Start at the line below containing "Cumberland Falls Tennessee" and stop at the line containing "New lace round". Repeat every line of that stretch exactly, and nothing outside it.

─── Supplied material ───

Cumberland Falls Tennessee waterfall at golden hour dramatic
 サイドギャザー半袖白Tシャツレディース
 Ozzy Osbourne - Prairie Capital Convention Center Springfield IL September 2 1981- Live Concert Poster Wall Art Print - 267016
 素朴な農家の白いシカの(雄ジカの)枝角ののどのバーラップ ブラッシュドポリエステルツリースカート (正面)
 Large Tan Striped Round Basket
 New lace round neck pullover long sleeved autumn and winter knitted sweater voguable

───
─── Supplied material ───

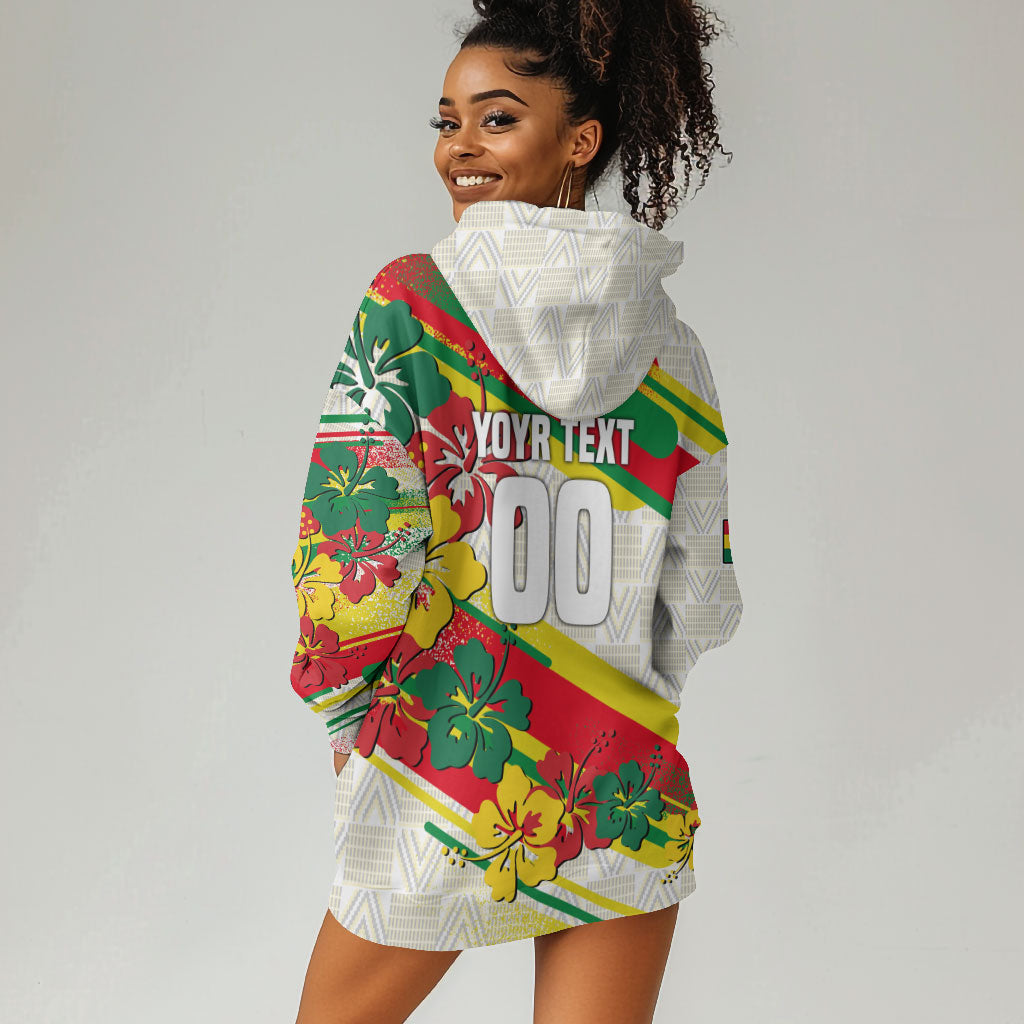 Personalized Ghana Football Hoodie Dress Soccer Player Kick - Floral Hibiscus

───

◆ Response to this exercise ◆
Cumberland Falls Tennessee waterfall at golden hour dramatic
 サイドギャザー半袖白Tシャツレディース
 Ozzy Osbourne - Prairie Capital Convention Center Springfield IL September 2 1981- Live Concert Poster Wall Art Print - 267016
 素朴な農家の白いシカの(雄ジカの)枝角ののどのバーラップ ブラッシュドポリエステルツリースカート (正面)
 Large Tan Striped Round Basket
 New lace round neck pullover long sleeved autumn and winter knitted sweater voguable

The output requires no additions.